The proposals were originally put out for consultation in February 2016, and initial rounds of talks were held with all unions to discuss the changes.
A senior Cabinet Office official then wrote to civil service unions in June, proposing a further round of talks and stating that attendance at these discussions would be “taken as a clear commitment” that government’s proposals would form the basis of new arrangements that unions would then recommend to their members.
In a bid to avoid more stringent terms being imposed, unions Prospect and the FDA took part in negotiations, but the PCS, Unite and the Prison Officers’ Association refused to join the talks.
In today’s judgement, Lord Justice Sales and Lady Justice Whipple said: “It was not surprising that [these unions], all of whom were in general opposed to the proposals, were unable to give such a commitment.”
They concluded that the minister had acted unlawfully, and “there was no basis on which the minister was entitled to exclude the PCSU from the consultation.”
The judges also rejected the Cabinet Office’s claim that including these unions would have made no difference to the final agreement.
The judgment states: “It cannot be said that it is highly likely that the outcome would not have been affected if the PCSU had been allowed to participate in the second round of discussions, as it should have been.”
“The safeguard for workers is that they will not have their rights to compensation benefits diminished or removed without a genuine attempt first having been made to secure agreement on that specific issue with their union representatives. These provisions are not concerned only with vague agreements in principle.”
However, judges dismissed a PCS claim that the government did not comply with the Public Sector Equality Duty when introducing the changes. They also disagreed with a further PCS claim that changing civil servants’ compensation entitlements was a violation of the Human Rights Act. Although the judges found that entitlements to benefits under the pre-2016 scheme were "possessions" under that law, they also found that government had an objective reason to change these entitlements because the previous scheme – set up in 2010 – had not delivered the hoped for savings across government.

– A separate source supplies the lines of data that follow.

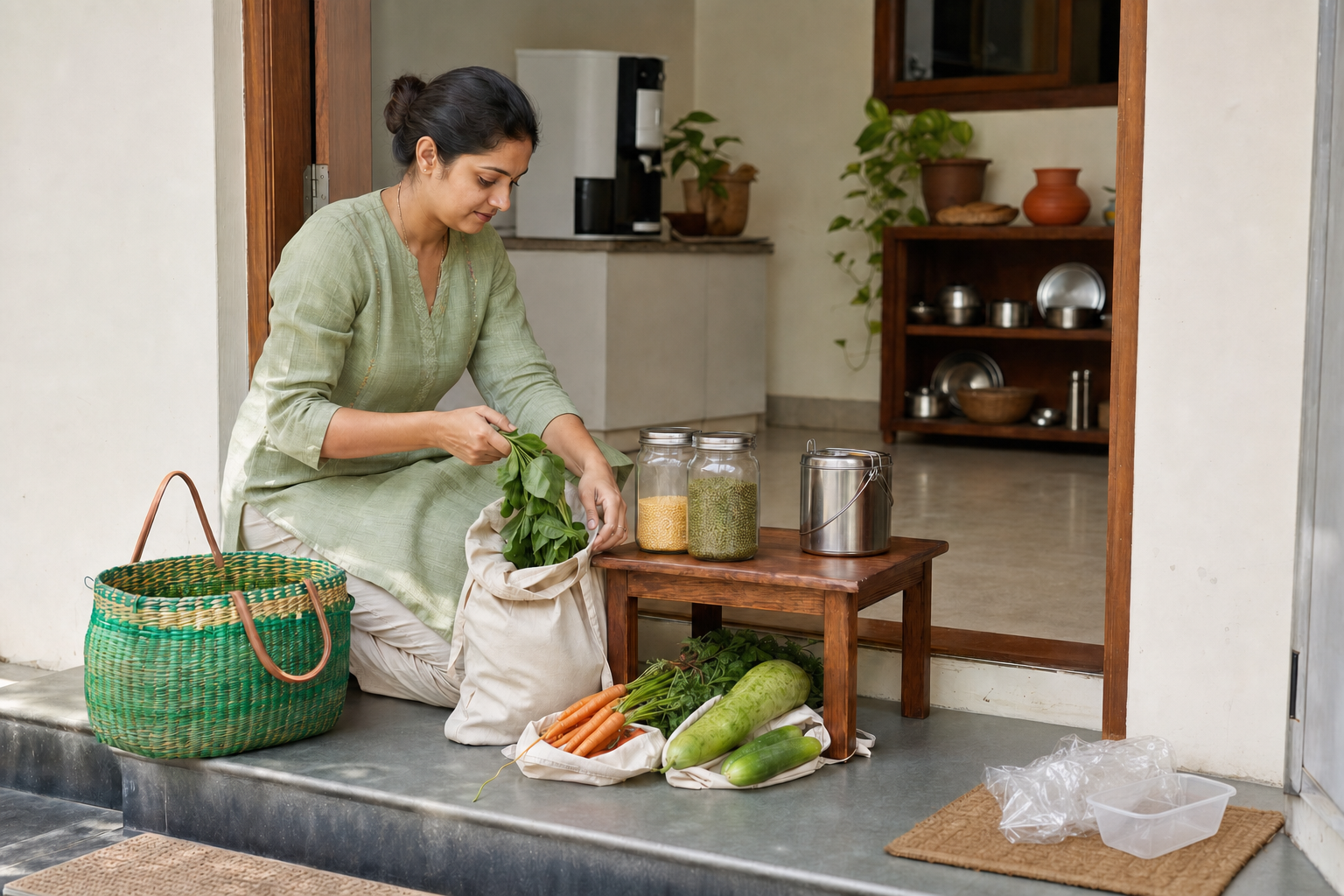A person unpacks vegetables, refill jars, cloth bags, and reusable containers at a household entrance while separating a small amount of plastic packaging.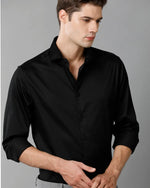 Mens Regular Fit Solid Black Formal Satin Shirt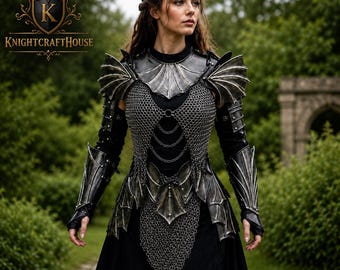 Medieval Lady Knight Dragon Wing Armor Costume , Fantasy Steel Armor Set with Chainmail Top & Skirt, LARP Cosplay Corset Armor Gift for her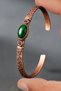Men's Copper Bracelet Natural Green Agate Stone Women's Handcuff Bracelet - 6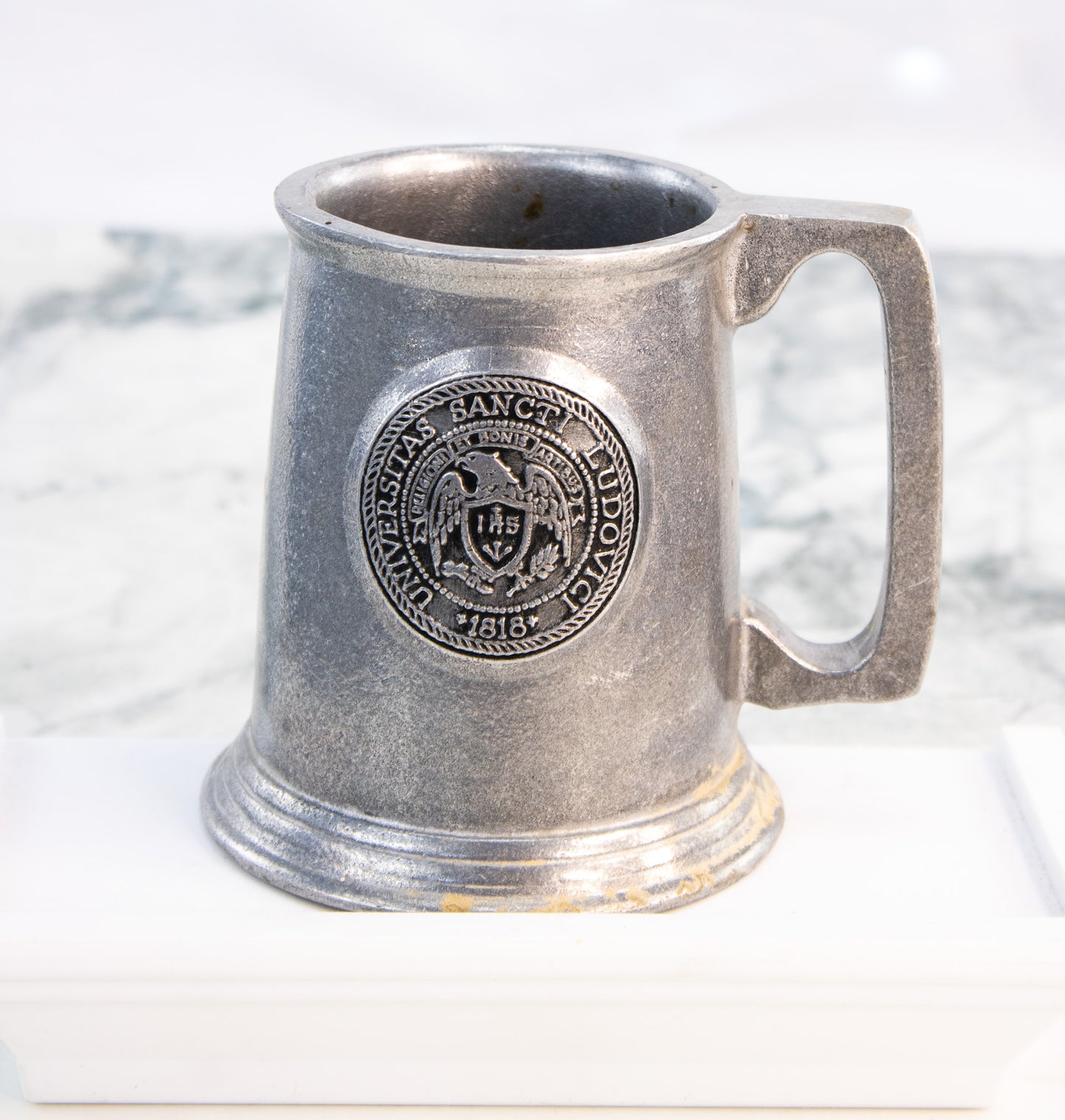 VINTAGE PEWTER TANKARD – UNIVERSITY OF SAN FRANCISCO SEAL – 1981 AWARD MUG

A Cabinet Office spokesperson said: “The government is carefully considering the judgment and intends to appeal.”
PCS general secretary Mark Serwotka said the ruling was “a major victory for us and all civil servants and shows the value of belonging to a trade union that is prepared to fight back.”
He added: “This is yet another example of how Tory governments treat their own workforce and other public servants with utter contempt. Ministers must have known they were breaking the law by excluding us, yet they went ahead anyway.
“There is no way we would ever allow ourselves be chained in negotiations where the terms are rigged and the outcome fixed in advance, and no right thinking person could expect us to.”
A PCS source told CSW: “We’re looking forward to discussing this judgement with our colleagues in the other civil service unions, they’ll no doubt want to thank us for fighting the case.”